Random topic switch. “No.” There were a few Harley Davidson helmets and other memorabilia down in the house’s basement, but I’d never given them much consideration.
“Well, I used to ride them all the time. I had this cherry 1982 Honda Interceptor. She was a beaut, but dangerous. You knew it when you rode it. But at eighteen, of course, I was fearless and thought we were immortal. I’m sure you know.”
Actually I hadn’t really felt like that at all. I’d spent most of my time feeling finite and vulnerable. “What’s your point?”

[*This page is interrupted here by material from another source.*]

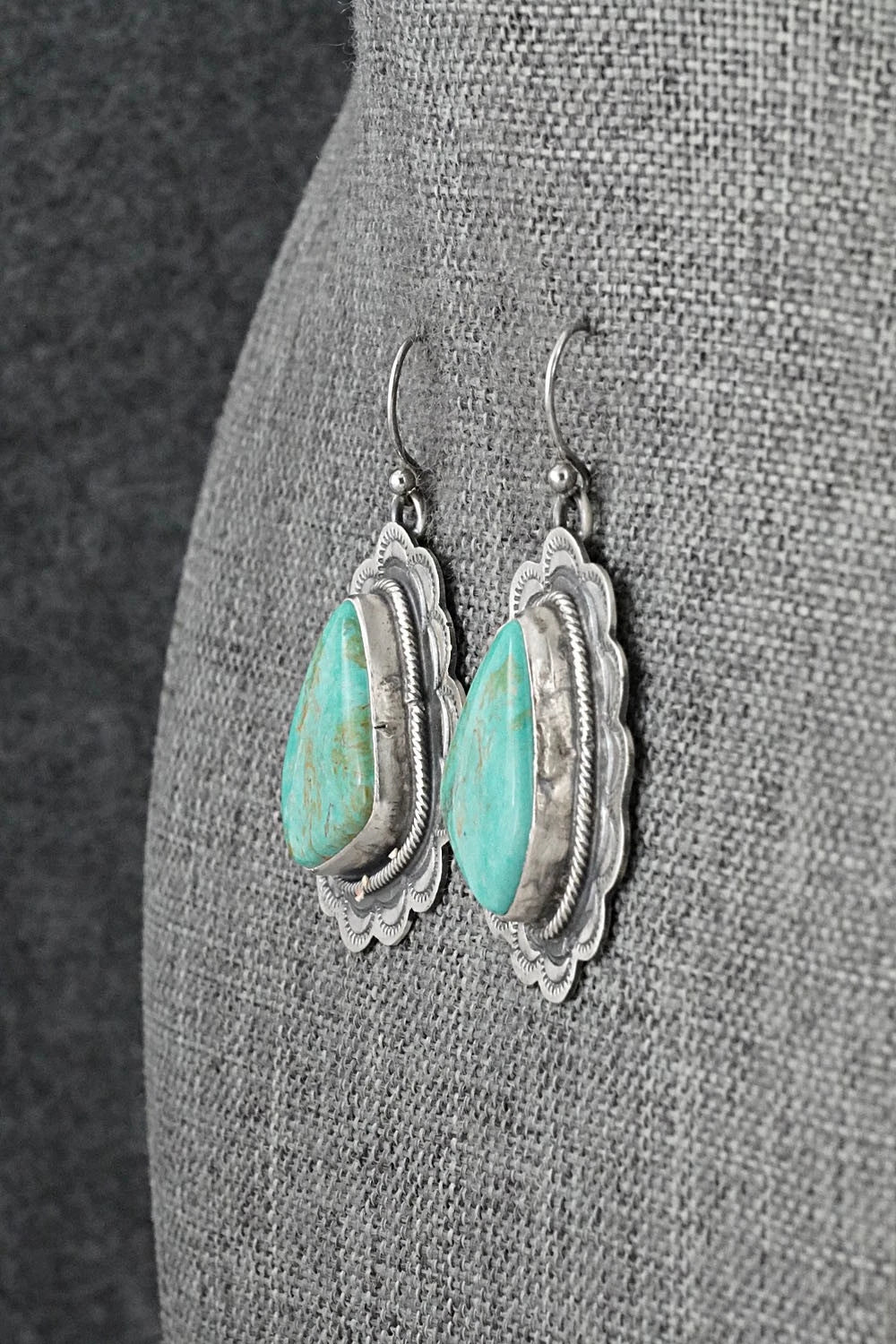 Turquoise & Sterling Silver Earrings - Bobby Johnson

“We felt like nothing bad could ever happen, and just feeling that feeling is tempting fate. Your mom used to ride with me. She loved it. We were out riding one night, and it started to rain. My tires skidded out. We spun out and hit a tree.”

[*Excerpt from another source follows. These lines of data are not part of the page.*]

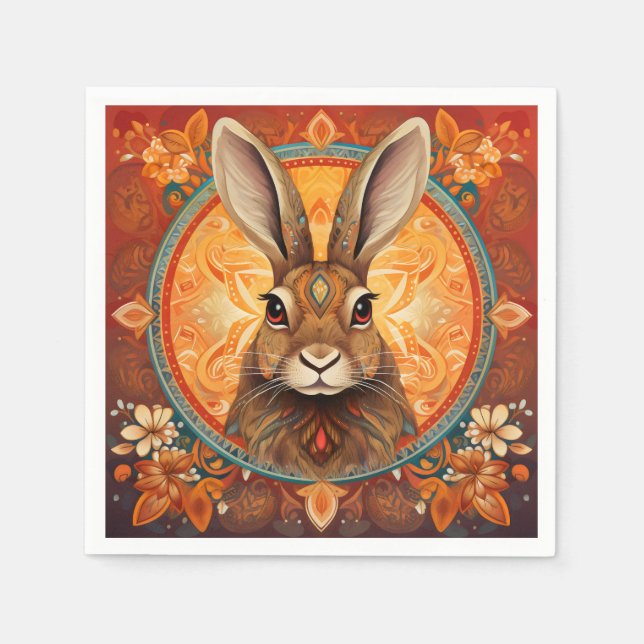 Serviette En Papier Lapin SCV 40 (Devant)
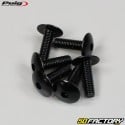 6x20 mm Schrauben Puig gewölbter BTR-Kopf schwarz (Satz von 6)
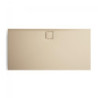 Sprchová vanička obdélníková Hüppe EasyFlat 100x90 cm litý mramor béžová matná EF0107.037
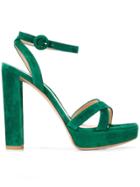 Gianvito Rossi Poppy Platform Sandals - Green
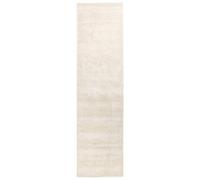 Beliani Rug Gesi Ii Light Beige 80 X 300 Cm Viscose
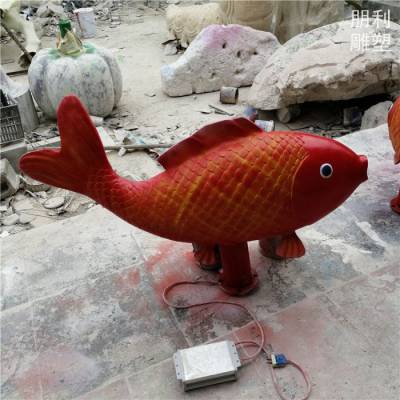 广场鱼型雕塑供求-地产艺术-生产鱼型雕塑风格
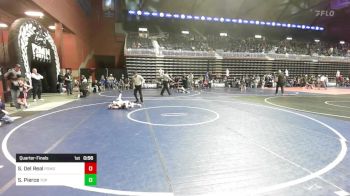 52 lbs Quarterfinal - Sier Del Real, Pomona Elite vs Skipper Pierce, Top Of The Rock WC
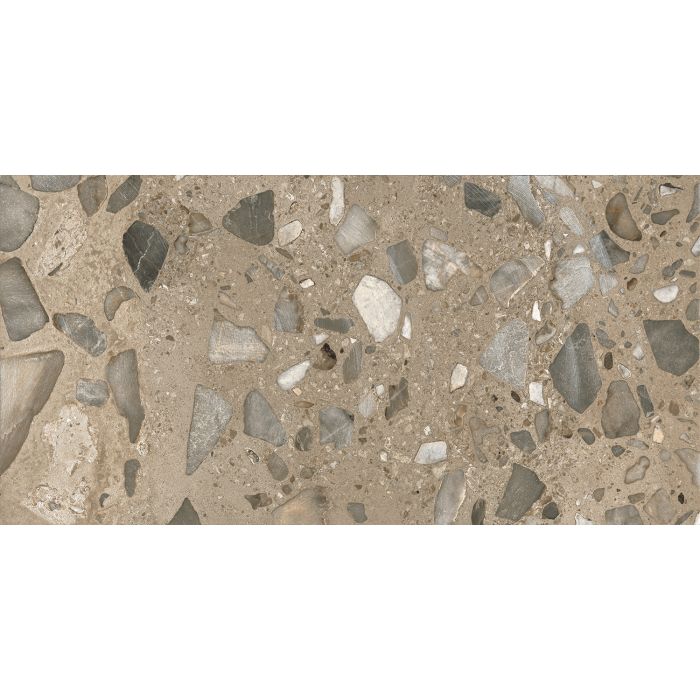 OLYMPIA TILE + STONE - I Ciottoli Series - Porcelain Tile - Argilla Sassi - 24" x 24"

He was silent for a long minute, undoubtedly relieving his memories. Then he continued, “Knocked me out. I was an idiot about not wearing a helmet. I was in a coma for almost three days. And when I woke up, I couldn’t see the dead anymore. I had minimal brain damage. Lucky it wasn’t completely scrambled. It’s like the accident broke the channel.”
My hand still cupped my mouth, my eyes wide. “And mom?”

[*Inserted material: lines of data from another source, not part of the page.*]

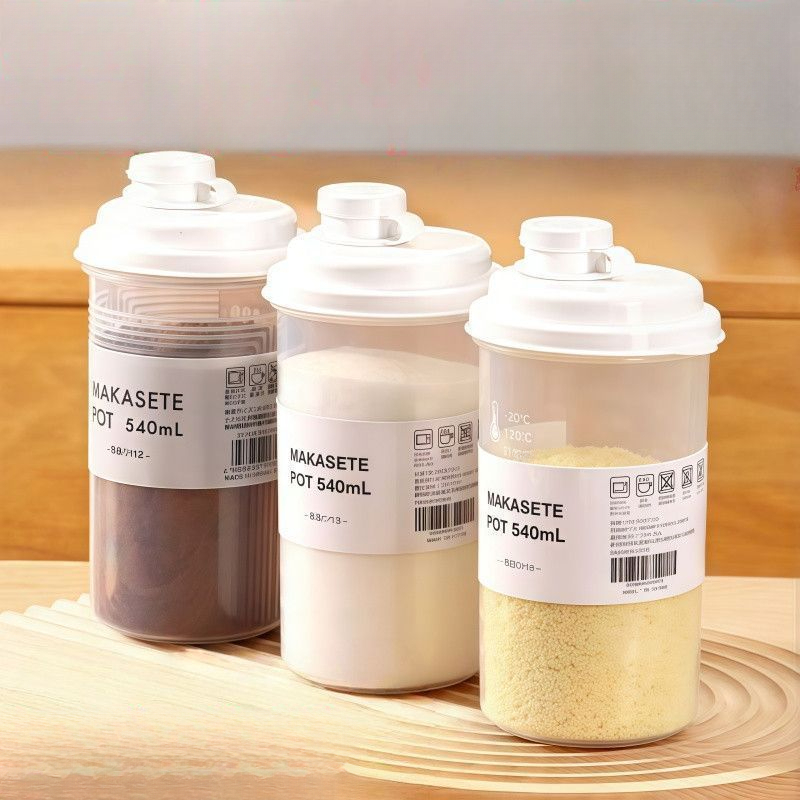 Sugar Jar Food Grade Sealed Household Moisture-Proof Kitchen Flour Starch Storage Container_voghion.com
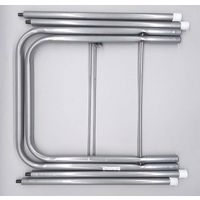 熱田資材 吸殻スタンドセット 火消カップ付(ジョイント脚タイプ) AT-05J 1セット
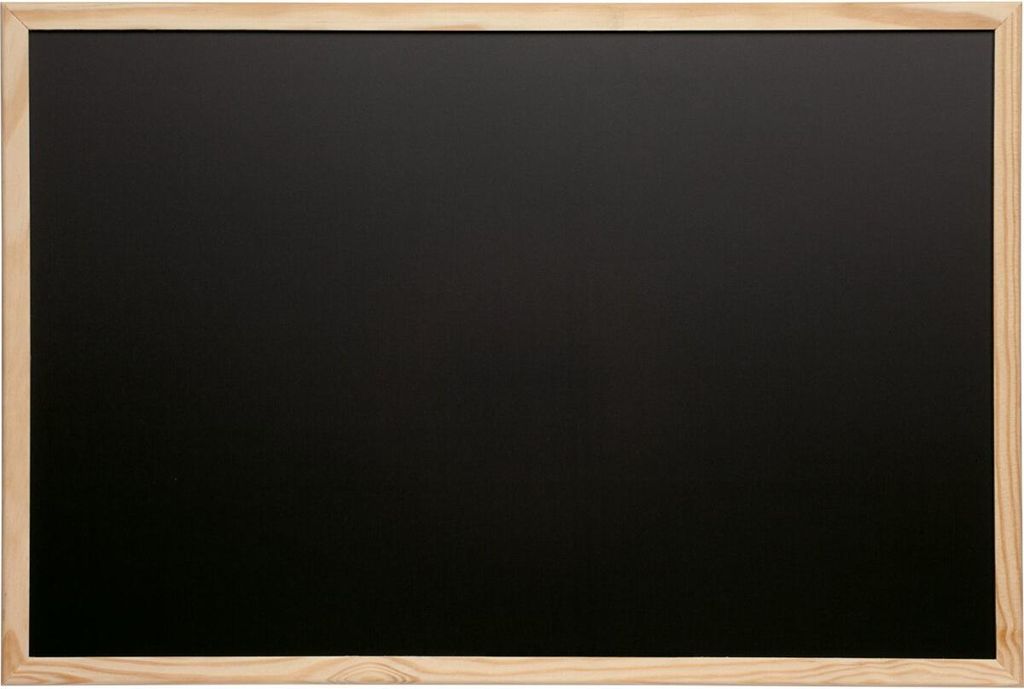 Kreidetafel 40x60cm Holzrahmen Packung mit 10 Stück
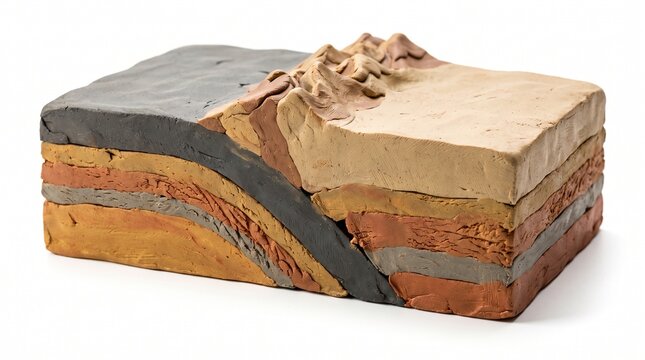 Plate Tectonics Subduction Zone Clay Cross Section Model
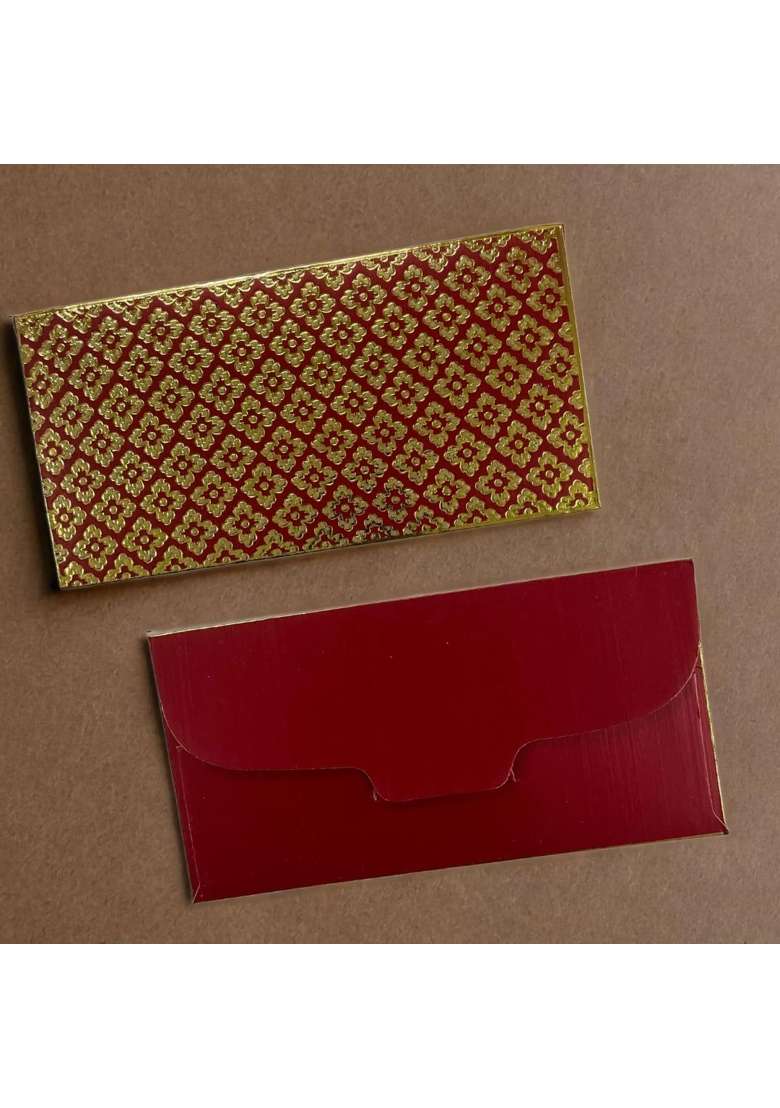 Vanya Creations Regal Patterned Design Shagun Envelopes for Gifting Cash Money Cover Metallic Finish Pack of 20 - Indya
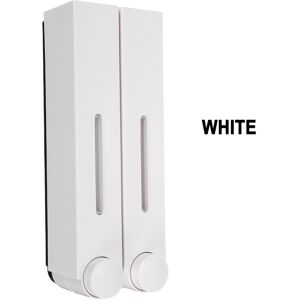 GreenZech (White, Double cups) Bathroom Liquid Soap Dispenser Wall Mounted For Kitchen Pla GreenZech (White, Double cups) Bathroom Liquid Soap Dispenser Wall Mounted For Kitchen Pla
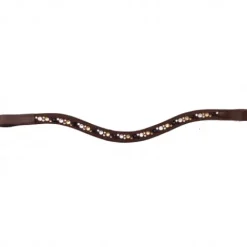 Sale Frontal Raffinée en cuir avec strass - Bridons Et Brides·Frontal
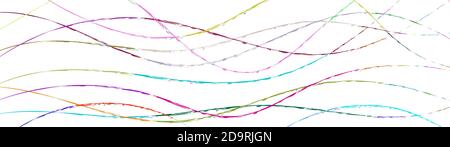 Abstract background of wavy intertwining colored lines on white Stock Vector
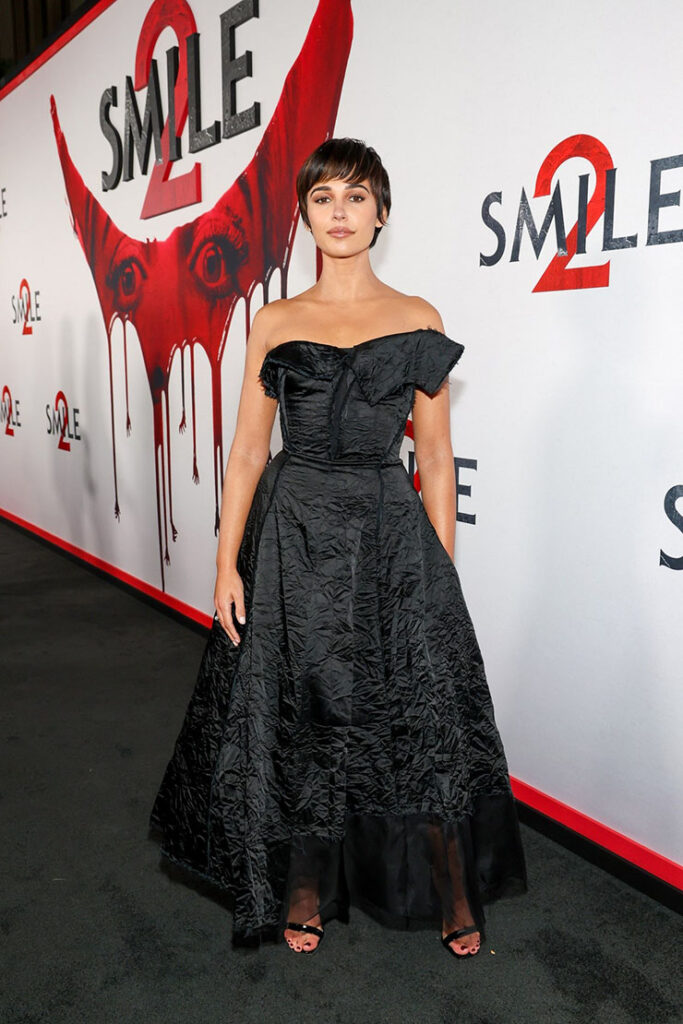 Naomi Scott Wore Jason Wu Collection To The 'Smile 2' LA Premiere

“When we were both well enough to leave the hospital, Claire told me that she couldn’t see ghosts anymore, either. I believed her, because I never thought she’d lie to me. This whole time, I took for granted that her experience would be the same as mine. She was so eager to forget all about it. She hid it really well, Ariel. I didn’t know until…what happened. I knew she took the Valium, but she told me it was for panic attacks. We promised we wouldn’t get back into ghosts again.”
“So when she said you didn’t have a choice?”
“She meant that I lost my abilities, but she apparently didn’t. When she said that, part of me realized her lies.”
“Is she the one who stole the necklace back?”
Hugh
drained the rest of his cup. He looked ten years older than he had a month ago. Gray patches were beginning to grow at his temples, and there were more wrinkles lining his forehead.
“She knew that they were some kind of a cult, but from all I can tell, she didn’t know they were after you. Other than you being my daughter. We had a moment of worry when the Ford girl broke your nose. But that seemed like just a spat between girls.”
We sat in silence for a while, both looking at the floor. My brain was full to exploding, and I felt dead tired. But somehow I still didn’t feel satisfied.
“I think it’s time we go to bed,” Hugh said, standing up and taking our cups to the sink.
I hopped up. “But I have so many more questions.”
He turned and put his hand on my cheek. Bags dragged down his eyes. “You’ve gotten more than enough information for tonight. Get yourself a good sleep to absorb what I told you. We can talk in the morning.”
I was about to protest, but he was right. My head was spinning enough to make me dizzy, and I felt like I could pass out right there. “Okay.”
We changed out of our mourning clothes, stowing them away in the bag in which we bought them. I shut the door to my room, turned off all the lights except for the bedside lamp, and changed into my pajamas. Sliding underneath the cool sheets, I fully expected to fall asleep instantly.
Instead, I turned from side to side, punching the pillow to fluff it up, but the tension in my neck wouldn’t abate. I stared up at the ceiling, missing the stars that were on my ceiling in my old bedroom. My best friend, Theo, had put them up, and my thoughts turned to her. She’d found out I was dating Henry and had gotten really mad at me for not telling her. I’d barely spoken to her since then, and she’d left on winter vacation. She hadn’t gotten back yet, even though New Year’s had already passed and school was back in session. Was she still out of town? Probably.
I reached for the phone on my bedside table, and tapped my contacts. I stared at her name, my fingers itching to call or at least text her. But she was more than likely still mad at me, and I didn’t want to play my dead mother as a card to win back my friend. That wasn’t fair to any of us. I set the phone back down and punched the pillow again.